Carbon quantum dots capped with metal ions for efficient optoelectronic applications

Abstract

Fluorescent carbon dots (C-dots) with high optical properties and biocompatibility have great potential for various types of optoelectronic applications. Although many approaches have been used for producing high-quality C-dots, it is still a challenge to produce high-quality C-dots with required properties via a simple and efficient approach. In this work, by controlling the addition of different types of divalent (e.g. Mn and Sr) or trivalent (e.g. Al, Ga and In) metal ions, we synthesized fluorescent C-dots with single or double emissions with quantum yield (QY) as high as 61% using a simple heating approach.
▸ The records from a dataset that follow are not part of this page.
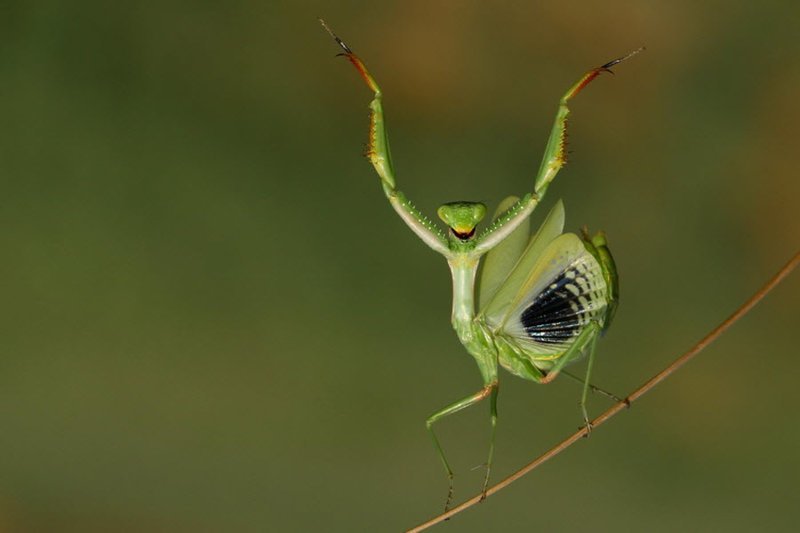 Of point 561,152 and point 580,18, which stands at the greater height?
point 580,18

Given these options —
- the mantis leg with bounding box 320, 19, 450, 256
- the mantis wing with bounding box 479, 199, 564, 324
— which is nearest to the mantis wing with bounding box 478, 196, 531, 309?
the mantis wing with bounding box 479, 199, 564, 324

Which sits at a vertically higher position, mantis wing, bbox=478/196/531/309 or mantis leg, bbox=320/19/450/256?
mantis leg, bbox=320/19/450/256

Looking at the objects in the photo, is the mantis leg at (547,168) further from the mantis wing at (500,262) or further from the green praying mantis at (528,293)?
the mantis wing at (500,262)

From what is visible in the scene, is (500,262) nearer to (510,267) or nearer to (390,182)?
(510,267)

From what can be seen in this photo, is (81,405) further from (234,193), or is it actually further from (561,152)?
(561,152)

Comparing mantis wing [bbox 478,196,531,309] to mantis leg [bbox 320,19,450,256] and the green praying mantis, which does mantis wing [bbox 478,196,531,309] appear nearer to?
the green praying mantis

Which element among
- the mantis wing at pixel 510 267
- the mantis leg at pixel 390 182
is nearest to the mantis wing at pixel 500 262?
the mantis wing at pixel 510 267

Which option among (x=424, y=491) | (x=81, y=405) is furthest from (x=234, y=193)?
(x=424, y=491) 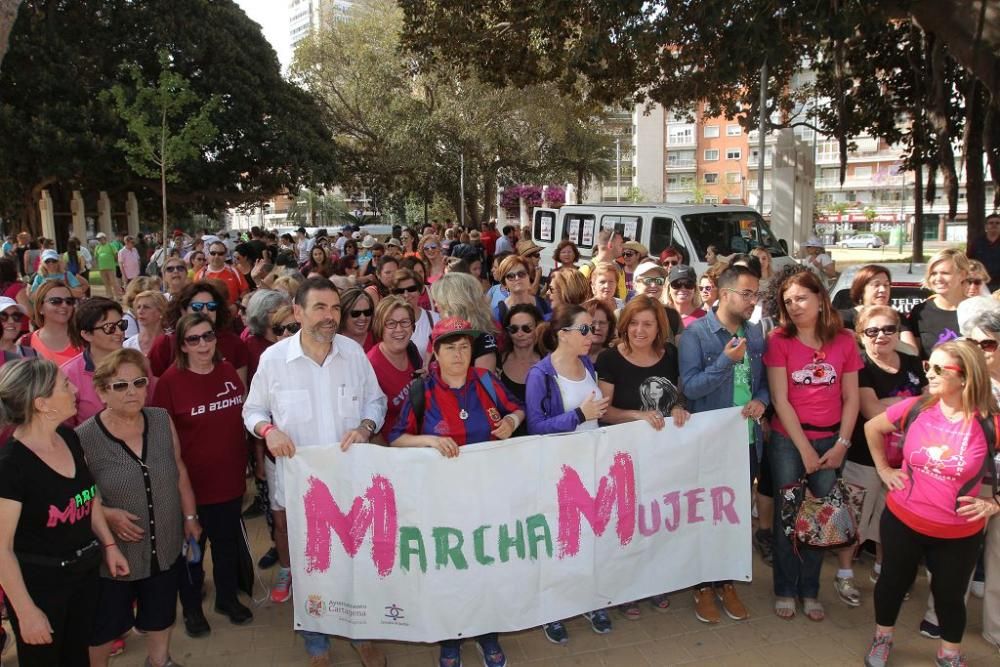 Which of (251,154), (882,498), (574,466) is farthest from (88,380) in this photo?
(251,154)

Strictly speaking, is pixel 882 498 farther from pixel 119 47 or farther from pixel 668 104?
pixel 119 47

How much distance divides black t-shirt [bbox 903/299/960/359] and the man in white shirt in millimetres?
3529

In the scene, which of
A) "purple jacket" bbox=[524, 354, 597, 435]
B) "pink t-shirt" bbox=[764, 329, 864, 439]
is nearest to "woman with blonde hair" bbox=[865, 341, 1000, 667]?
"pink t-shirt" bbox=[764, 329, 864, 439]

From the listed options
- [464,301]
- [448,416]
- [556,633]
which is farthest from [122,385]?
[556,633]

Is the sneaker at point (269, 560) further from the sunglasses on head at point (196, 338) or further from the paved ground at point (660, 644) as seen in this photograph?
the sunglasses on head at point (196, 338)

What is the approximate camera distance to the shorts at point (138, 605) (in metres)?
3.46

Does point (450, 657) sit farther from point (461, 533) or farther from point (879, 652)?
point (879, 652)

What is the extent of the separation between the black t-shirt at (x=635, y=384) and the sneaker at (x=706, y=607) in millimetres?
1062

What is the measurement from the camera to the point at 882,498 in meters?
4.65

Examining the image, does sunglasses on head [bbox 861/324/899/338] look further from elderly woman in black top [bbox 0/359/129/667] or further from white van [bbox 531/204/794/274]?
white van [bbox 531/204/794/274]

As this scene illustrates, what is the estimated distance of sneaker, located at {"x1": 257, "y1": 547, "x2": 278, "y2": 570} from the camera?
5043 mm

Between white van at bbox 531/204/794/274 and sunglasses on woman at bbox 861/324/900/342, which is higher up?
white van at bbox 531/204/794/274

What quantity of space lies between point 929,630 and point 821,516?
81cm

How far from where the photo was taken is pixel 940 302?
497 cm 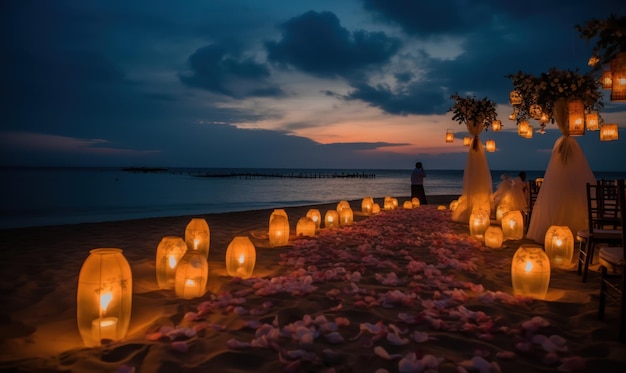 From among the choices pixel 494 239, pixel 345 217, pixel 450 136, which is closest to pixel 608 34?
pixel 494 239

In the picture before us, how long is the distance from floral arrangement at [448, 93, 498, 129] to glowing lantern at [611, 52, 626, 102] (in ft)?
17.2

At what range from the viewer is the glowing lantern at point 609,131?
9.36 meters

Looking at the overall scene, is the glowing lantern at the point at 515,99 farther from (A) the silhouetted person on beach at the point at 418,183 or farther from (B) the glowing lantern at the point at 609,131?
(A) the silhouetted person on beach at the point at 418,183

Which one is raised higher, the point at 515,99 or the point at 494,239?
the point at 515,99

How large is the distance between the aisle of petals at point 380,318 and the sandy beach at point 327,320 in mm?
11

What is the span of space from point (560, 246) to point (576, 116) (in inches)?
116

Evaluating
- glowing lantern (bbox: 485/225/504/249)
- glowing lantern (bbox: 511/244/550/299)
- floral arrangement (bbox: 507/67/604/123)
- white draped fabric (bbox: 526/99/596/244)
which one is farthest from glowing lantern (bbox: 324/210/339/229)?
glowing lantern (bbox: 511/244/550/299)

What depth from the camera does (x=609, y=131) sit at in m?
9.41

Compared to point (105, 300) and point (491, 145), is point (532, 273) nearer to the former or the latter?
point (105, 300)

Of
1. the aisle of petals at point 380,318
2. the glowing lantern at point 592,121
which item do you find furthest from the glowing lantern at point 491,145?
the aisle of petals at point 380,318

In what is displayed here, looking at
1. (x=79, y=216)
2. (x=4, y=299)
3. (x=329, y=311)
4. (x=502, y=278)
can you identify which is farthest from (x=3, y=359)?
(x=79, y=216)

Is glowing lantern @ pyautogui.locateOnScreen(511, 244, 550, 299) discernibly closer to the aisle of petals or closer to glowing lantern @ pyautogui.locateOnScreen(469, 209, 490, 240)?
the aisle of petals

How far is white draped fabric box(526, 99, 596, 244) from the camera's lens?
6.85 metres

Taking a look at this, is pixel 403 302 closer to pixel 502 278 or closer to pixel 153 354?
pixel 502 278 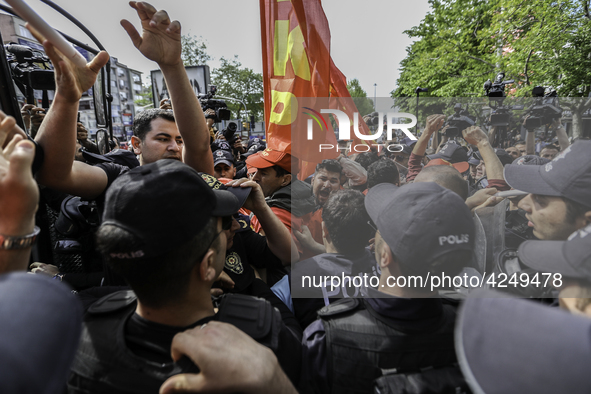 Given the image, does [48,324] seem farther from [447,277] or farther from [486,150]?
[486,150]

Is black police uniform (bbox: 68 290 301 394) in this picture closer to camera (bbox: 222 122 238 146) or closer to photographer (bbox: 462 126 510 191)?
photographer (bbox: 462 126 510 191)

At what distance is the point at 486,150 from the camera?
1.95 metres

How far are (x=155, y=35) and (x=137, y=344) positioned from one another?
5.12 feet

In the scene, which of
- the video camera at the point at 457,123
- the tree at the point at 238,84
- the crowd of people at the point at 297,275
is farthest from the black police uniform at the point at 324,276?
the tree at the point at 238,84

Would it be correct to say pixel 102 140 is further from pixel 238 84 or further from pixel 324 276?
pixel 238 84

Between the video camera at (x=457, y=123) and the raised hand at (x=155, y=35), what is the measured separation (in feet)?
6.16

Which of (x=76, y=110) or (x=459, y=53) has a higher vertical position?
(x=459, y=53)

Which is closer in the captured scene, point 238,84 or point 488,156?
point 488,156

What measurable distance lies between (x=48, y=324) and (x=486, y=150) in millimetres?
2198

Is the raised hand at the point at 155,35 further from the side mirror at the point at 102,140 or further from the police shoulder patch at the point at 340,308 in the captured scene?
the side mirror at the point at 102,140

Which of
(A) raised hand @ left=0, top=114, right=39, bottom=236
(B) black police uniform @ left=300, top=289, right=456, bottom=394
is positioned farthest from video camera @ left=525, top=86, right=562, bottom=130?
(A) raised hand @ left=0, top=114, right=39, bottom=236

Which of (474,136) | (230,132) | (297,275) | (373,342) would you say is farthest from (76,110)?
(230,132)

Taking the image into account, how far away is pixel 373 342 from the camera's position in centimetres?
123

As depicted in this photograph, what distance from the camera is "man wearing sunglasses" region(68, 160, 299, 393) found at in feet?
3.41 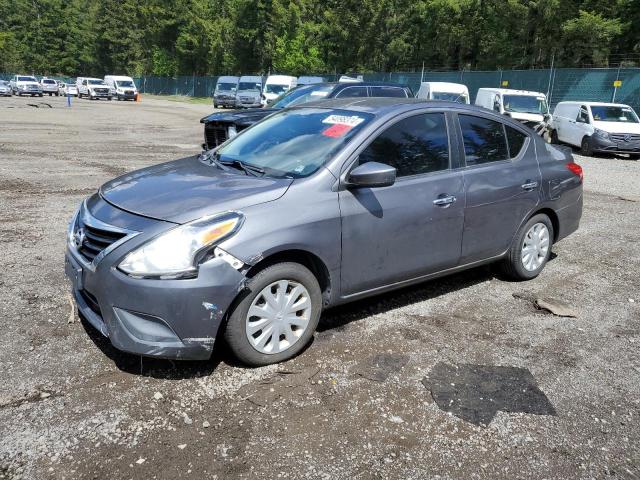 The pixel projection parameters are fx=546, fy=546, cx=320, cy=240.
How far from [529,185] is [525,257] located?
2.40 ft

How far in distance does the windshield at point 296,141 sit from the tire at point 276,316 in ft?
2.42

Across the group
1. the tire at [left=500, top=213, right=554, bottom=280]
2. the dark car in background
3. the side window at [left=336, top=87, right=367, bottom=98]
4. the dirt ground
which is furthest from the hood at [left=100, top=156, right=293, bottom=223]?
the side window at [left=336, top=87, right=367, bottom=98]

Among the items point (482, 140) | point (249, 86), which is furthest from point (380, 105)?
point (249, 86)

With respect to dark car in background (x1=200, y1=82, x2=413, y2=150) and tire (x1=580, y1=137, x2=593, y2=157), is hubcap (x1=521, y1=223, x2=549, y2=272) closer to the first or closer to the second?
dark car in background (x1=200, y1=82, x2=413, y2=150)

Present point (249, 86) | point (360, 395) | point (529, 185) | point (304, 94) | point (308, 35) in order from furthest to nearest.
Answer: point (308, 35) → point (249, 86) → point (304, 94) → point (529, 185) → point (360, 395)

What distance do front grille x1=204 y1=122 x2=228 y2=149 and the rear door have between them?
6.56 meters

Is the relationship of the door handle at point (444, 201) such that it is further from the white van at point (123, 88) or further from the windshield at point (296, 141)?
the white van at point (123, 88)

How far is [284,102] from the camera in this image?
1213 centimetres

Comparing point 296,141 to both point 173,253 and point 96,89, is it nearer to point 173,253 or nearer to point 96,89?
point 173,253

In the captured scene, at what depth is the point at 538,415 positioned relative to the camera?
10.5ft

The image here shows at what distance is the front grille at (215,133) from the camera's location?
10.5m

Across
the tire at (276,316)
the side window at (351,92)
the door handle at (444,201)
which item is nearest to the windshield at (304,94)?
the side window at (351,92)

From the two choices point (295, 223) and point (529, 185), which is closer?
point (295, 223)

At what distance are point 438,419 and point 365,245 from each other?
129 centimetres
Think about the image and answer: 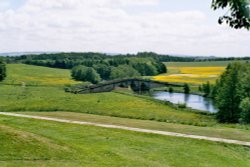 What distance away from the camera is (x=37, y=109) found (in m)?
47.2

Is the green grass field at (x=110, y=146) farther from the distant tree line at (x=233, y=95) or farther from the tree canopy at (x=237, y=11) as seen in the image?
the distant tree line at (x=233, y=95)

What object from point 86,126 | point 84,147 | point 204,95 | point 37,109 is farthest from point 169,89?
point 84,147

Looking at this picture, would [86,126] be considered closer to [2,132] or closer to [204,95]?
[2,132]

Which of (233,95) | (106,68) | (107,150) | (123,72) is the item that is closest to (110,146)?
(107,150)

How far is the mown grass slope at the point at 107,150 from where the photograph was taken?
69.5ft

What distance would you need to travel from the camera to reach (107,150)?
2419 cm

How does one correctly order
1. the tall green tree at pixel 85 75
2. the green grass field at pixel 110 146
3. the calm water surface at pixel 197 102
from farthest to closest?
the tall green tree at pixel 85 75 < the calm water surface at pixel 197 102 < the green grass field at pixel 110 146

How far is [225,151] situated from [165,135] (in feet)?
15.8

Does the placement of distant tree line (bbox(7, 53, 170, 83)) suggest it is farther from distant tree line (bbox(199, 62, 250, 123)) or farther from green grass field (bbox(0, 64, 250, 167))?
green grass field (bbox(0, 64, 250, 167))

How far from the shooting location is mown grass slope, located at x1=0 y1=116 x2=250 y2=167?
21188 millimetres

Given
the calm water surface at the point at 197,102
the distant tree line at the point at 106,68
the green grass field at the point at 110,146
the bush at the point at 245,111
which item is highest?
the green grass field at the point at 110,146

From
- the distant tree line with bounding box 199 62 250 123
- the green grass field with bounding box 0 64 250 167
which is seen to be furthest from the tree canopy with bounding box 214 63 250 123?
the green grass field with bounding box 0 64 250 167

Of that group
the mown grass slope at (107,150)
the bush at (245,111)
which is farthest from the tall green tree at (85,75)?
the mown grass slope at (107,150)

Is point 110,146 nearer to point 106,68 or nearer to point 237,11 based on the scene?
point 237,11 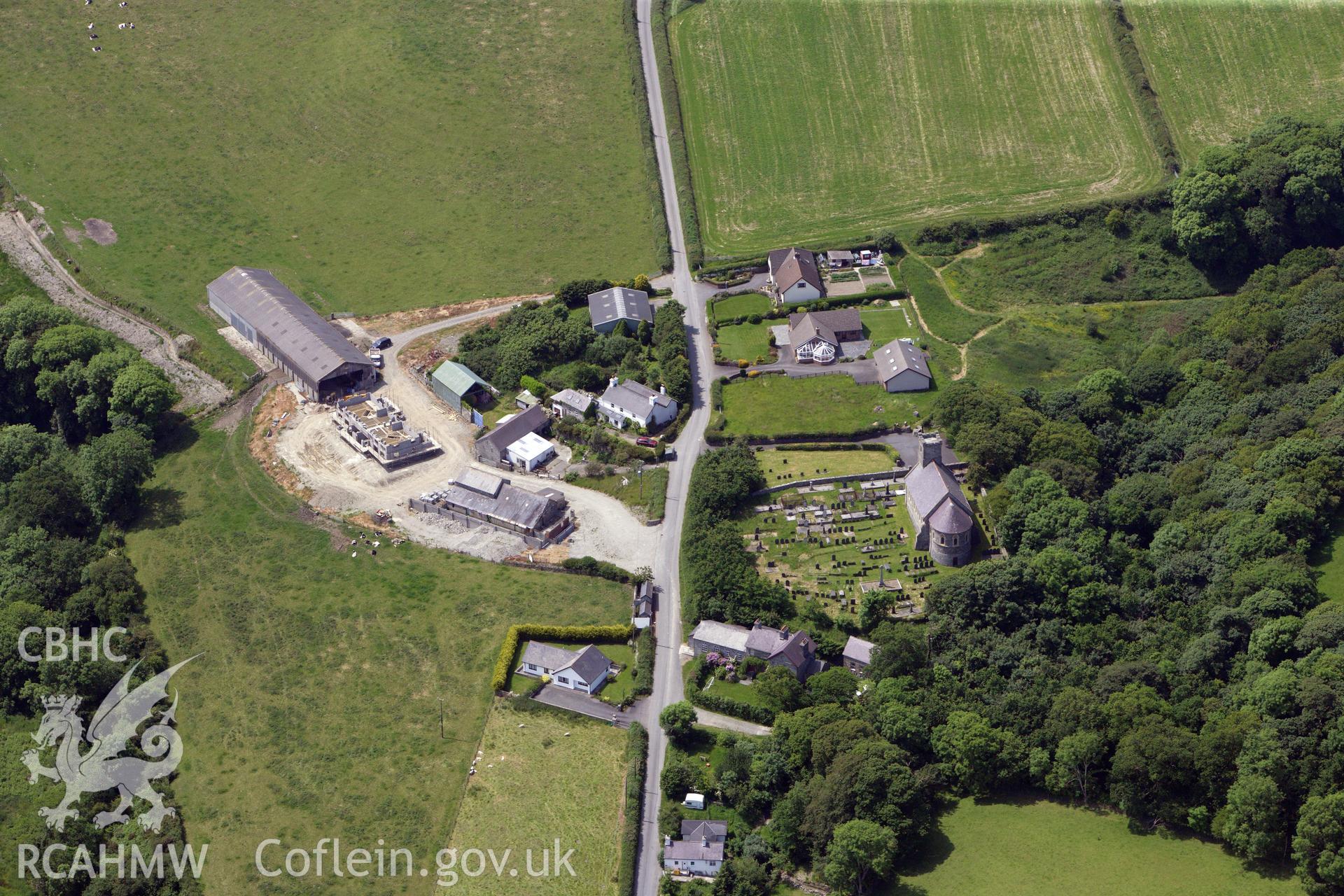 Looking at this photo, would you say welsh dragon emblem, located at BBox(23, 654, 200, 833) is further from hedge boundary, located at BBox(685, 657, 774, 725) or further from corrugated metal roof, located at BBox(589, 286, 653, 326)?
corrugated metal roof, located at BBox(589, 286, 653, 326)

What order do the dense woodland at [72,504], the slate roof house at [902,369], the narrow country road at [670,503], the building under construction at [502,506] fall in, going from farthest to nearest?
1. the slate roof house at [902,369]
2. the building under construction at [502,506]
3. the dense woodland at [72,504]
4. the narrow country road at [670,503]

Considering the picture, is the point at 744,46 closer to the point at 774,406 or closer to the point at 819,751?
the point at 774,406

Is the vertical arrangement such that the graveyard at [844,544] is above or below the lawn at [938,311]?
below

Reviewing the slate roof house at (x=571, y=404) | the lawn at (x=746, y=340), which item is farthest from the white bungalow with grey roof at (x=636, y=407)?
the lawn at (x=746, y=340)

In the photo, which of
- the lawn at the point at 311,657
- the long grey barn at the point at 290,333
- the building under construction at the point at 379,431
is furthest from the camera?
the long grey barn at the point at 290,333

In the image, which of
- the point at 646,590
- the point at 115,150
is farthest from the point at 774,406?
the point at 115,150

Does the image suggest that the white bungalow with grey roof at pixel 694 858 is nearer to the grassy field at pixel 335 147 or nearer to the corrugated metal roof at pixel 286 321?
the corrugated metal roof at pixel 286 321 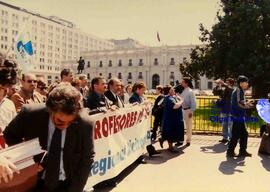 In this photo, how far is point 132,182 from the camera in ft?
22.3

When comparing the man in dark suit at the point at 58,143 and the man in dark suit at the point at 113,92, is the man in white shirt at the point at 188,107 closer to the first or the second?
the man in dark suit at the point at 113,92

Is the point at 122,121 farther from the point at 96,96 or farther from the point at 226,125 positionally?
the point at 226,125

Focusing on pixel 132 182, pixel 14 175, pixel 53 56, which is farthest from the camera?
Result: pixel 53 56

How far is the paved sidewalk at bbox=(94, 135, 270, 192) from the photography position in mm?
6549

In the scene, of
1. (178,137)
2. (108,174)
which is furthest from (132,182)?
(178,137)

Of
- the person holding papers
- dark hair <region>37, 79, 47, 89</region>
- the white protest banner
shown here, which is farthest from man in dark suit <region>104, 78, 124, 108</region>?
the person holding papers

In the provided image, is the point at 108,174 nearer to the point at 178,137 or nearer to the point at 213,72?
the point at 178,137

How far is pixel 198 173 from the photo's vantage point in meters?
7.59

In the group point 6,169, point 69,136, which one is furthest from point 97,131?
point 6,169

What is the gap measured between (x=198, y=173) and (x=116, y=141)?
204cm

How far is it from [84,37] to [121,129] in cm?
15778

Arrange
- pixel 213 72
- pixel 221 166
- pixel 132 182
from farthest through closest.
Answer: pixel 213 72 → pixel 221 166 → pixel 132 182

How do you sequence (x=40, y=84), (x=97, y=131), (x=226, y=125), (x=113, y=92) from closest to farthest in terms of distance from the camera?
(x=97, y=131) < (x=113, y=92) < (x=40, y=84) < (x=226, y=125)

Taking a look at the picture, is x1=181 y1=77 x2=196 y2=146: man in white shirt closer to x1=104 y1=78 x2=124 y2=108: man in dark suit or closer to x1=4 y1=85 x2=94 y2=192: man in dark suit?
x1=104 y1=78 x2=124 y2=108: man in dark suit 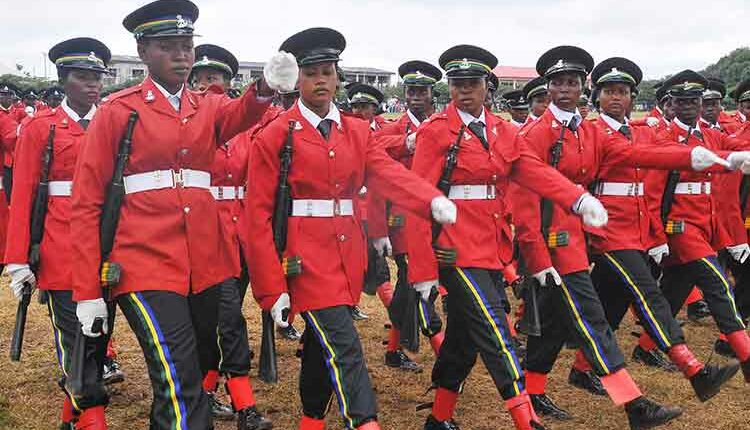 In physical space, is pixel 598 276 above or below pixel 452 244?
below

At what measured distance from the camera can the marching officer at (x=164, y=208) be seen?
141 inches

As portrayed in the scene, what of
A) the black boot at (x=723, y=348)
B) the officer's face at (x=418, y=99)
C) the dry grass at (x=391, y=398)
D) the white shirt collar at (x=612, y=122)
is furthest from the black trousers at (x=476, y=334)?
the black boot at (x=723, y=348)

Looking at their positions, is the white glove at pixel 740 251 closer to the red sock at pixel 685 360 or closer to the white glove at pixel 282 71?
the red sock at pixel 685 360

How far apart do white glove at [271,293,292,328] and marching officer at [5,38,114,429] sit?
1395 mm

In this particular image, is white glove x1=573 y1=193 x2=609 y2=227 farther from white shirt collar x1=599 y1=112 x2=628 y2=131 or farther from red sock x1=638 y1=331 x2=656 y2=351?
red sock x1=638 y1=331 x2=656 y2=351

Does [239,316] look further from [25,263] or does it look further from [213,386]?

Transient fluorescence spectroscopy and transient absorption spectroscopy reveal that the double emission and an excitation-dependent photoluminescence behavior of trivalent ion-capped C-dots originate from the existence of multiple energy levels. Based on these optical properties, the as-prepared C-dots can be effectively used as building blocks for fabricating various types of optoelectronic devices. A single emission Mn-C-dot based large-area luminescent solar concentrator (LSC) (225 cm²) achieved a power conversion efficiency (PCE) of 1.3% under natural sunlight (50 mA cm⁻²); double emission Al–C-dots showed excitation wavelength dependent fluorescent codes, showing great potential for application in developing anti-counterfeiting codes; and magnetic tests showed that Mn-capped C-dots are superparamagnetic and this may be useful for magnetically driven fluorescence imaging in biomedical applications. This study offers an eco-friendly and efficient approach for producing large-scale high-quality C-dots, demonstrating great potential for optical and electrical applications.